Using the Snowpark API, you can query and manipulate data by writing code that uses objects (like a DataFrame) rather than SQL statements. Snowpark is designed to make building complex data pipelines easy, allowing you to interact with Snowflake directly without moving data. When you use the Snowpark API, the library uploads and runs your code in Snowflake so that you don't need to move the data to a separate system for processing.

What You'll Build

What You'll Learn

Prerequisites

You can also use a development tool or environment that supports SBT projects for Scala 2.12 (specifically, version 2.12.9 or later 2.12.x versions). Snowpark does not yet support versions of Scala after 2.12 (for example, Scala 2.13).

Snowpark supports code compiled to run on Java 11.

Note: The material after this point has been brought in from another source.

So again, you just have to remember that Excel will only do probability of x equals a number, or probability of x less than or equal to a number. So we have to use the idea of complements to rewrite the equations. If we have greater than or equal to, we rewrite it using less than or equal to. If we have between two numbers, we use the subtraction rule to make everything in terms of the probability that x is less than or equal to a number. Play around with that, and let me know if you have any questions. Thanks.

You'll find the demo in a Snowflake GitHub repository. After installing git, you can clone the repository using your terminal.

Clone the repository

  1. Open a terminal window and run the following commands to change to the directory where you want the repository cloned, and then clone the repository.
    cd {directory_where_you_want_the_repository}
    git clone https://github.com/Snowflake-Labs/sfguide-getting-started-snowpark-scala
    
  2. Change to the directory of the repository that you cloned:
    cd sfguide-snowpark-demo
    

The repository's demo directory includes the following files:

The demo directory contains a snowflake_connection.properties file that the example code uses to create a session to connect to Snowflake. You'll need to edit these properties so the code connects to your Snowflake account.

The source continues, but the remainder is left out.